Ma parliamo del finale. Senza senso, grottesco, un passo indietro rispetto alle premesse, brutto, così è stato definito. No. Il film continua a giocare con il suo spirito pop, con le convenzioni di genere. Il riequilibrio che il rape-revenge mette in scena, con la trasformazione della vittima in carnefice, non si attua pienamente a un soffio dalla fine. Una donna promettente non si configura quindi come riscatto finzionale sulla realtà, come valvola di sfogo di un piacere di rivalsa inattuabile, ma come riproposizione della tragicità e criticità del reale. L’annullamento del femminile sembra essere l’unica condizione – per ora – possibile nella nostra società, e l’unico modo in cui una reale vendetta riesca ad essere attuata. Solo dall’aldilà, lo spirito di Cassie, la pianificazione studiata derivante da un destino che temeva l’attendesse, ha una rivalsa che sa di amaro.
Emerald Fennell
Questo film ha scatenato in me aspettative incontrollabili per l’opera futura della regista. Senza ostentazione, la cura simmetrica di molte inquadrature crea quadri che sono già iconici. I meravigliosi colori che riempiono gli occhi attraversano il film definendone il tono, acuendo i contrasti, dando espressione alla sua protagonista.

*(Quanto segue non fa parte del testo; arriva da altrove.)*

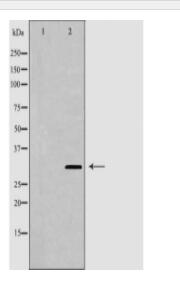 GJB3 Antibody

L’apparente scarso approfondimento di Cassie è un sintomo del suo procedere sulla superficie della vita, impossibilitata ad affondare nella profondità di legami interpersonali, chiusa in una gabbia di dolore e placida rabbia ormai da troppo tempo. Le scelte di fotografia, illuminazione e colori danno la misura del dramma che cova in lei (penso alla scena buia in cui sul letto muove i primi passi della sua vendetta). E a mio parere la gamma cromatica accesissima e pastello, e lo stesso smalto arcobaleno di lei, così come rendono il film pop, un’apparente romance di altri tempi, allo stesso modo relegano Cassie nella sfera dell’infantile.
I colori diventano una sorta di travestimento, sia del film che di Cassie, che ci sembra nascondersi dietro una corazza tanto nel verde acqua e nell’arcobaleno, quanto nei bianchi e neri neutri. Il travestimento definitivo sarà quello da infermiera sexy con parrucca multicolore: una violazione caricaturale della sua ambizione professionale, una distorsione sessuale del sogno di diventare medico. La sequenza di Cassie che si avvicina alla casa – e alla resa dei conti – con un arrangiamento al violino di Toxic di Britney Spears è già impressa nell’immaginario.

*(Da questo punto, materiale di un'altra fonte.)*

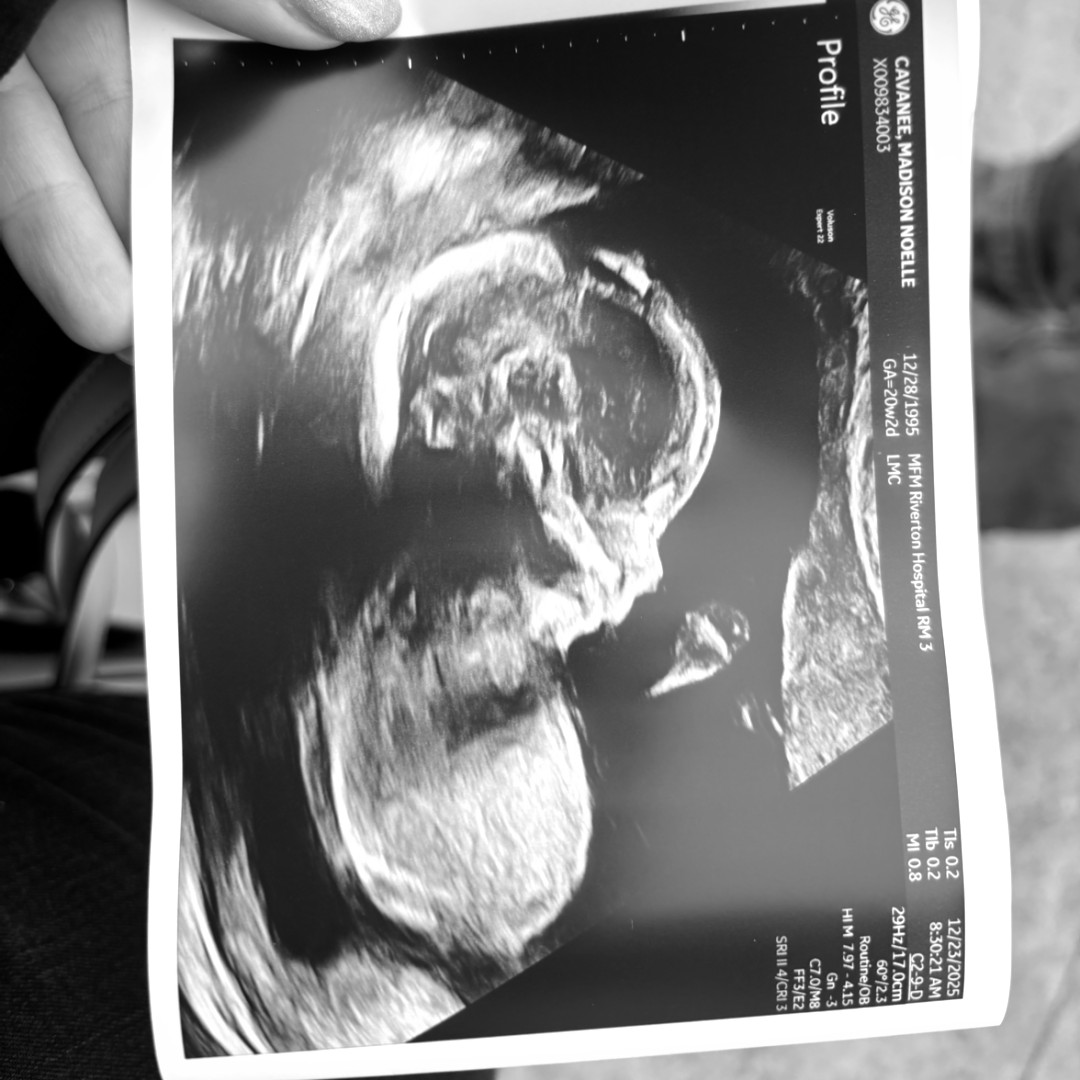 Photo shared by Madison for their Babylist baby registry.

Ho apprezzato infinitamente i riferimenti a un film che amo molto, La morte corre sul fiume (The Night of the Hunter, 1955) di Charles Laughton. Ma Cassie chi è? Il rovesciamento del delirio misogino di Robert Mitchum? O il riflesso disorientato di una bimba braccata che si canta una ninnananna, come la Lullaby di Pearl, che qui risuona nel momento di totale perdita di riferimenti, ci suggerisce?
Le immagini che Fennell ha saputo creare con questo film difficilmente svaniranno. Su tutte, Cassie che distribuisce l’alcol ai membri dell’addio al celibato di Al, in una rappresentazione che ricalca l’iconografia di una violenza orale. E a proposito di oralità, Fennell fa una comparsata stile hitchcockiano nel film: è lei la dispensatrice di consigli sulle labbra da perfect blowjob che Cassie guarda mentre si prepara per l’ennesima nottata di caccia.
Guardatelo, capitelo e riconoscetene l’importanza. Ciò che mi auguro non è che lo amino tutti, ma che tutti, in diversa misura, ne vengano sballottati. Spero che a chiunque, sottopelle, rimanga un frammento di Una donna promettente, a monito, a disturbare, ad agire come parossismo di una realtà che è quotidiana, come allarme per la propria coscienza.
Dopo un simile esordio alla regia, inutile dire che fremo impaziente per la prossima opera di Emerald Fennell.